◆ **AVAILABLE DATA**:

= Beginning of Section =

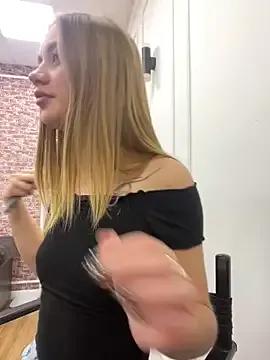 Freechat KiraMyers on StripChat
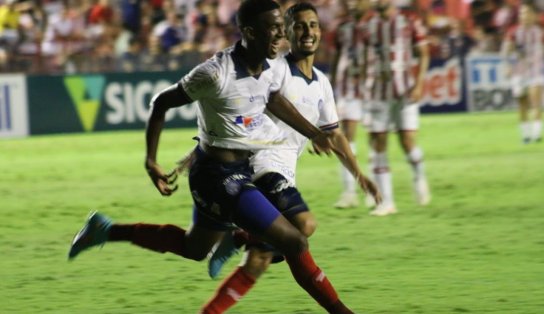 Em noite de Douglas Borel, Bahia vence Náutico e segue líder da Série B do Brasileirão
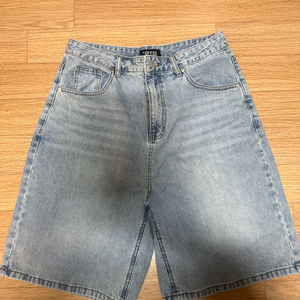 토피 하프 데님팸츠 라이트블루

= End of Section =

Give the data above again in full and unchanged, skipping the pictures.

 Freechat KiraMyers on StripChat
 Em noite de Douglas Borel, Bahia vence Náutico e segue líder da Série B do Brasileirão
 토피 하프 데님팸츠 라이트블루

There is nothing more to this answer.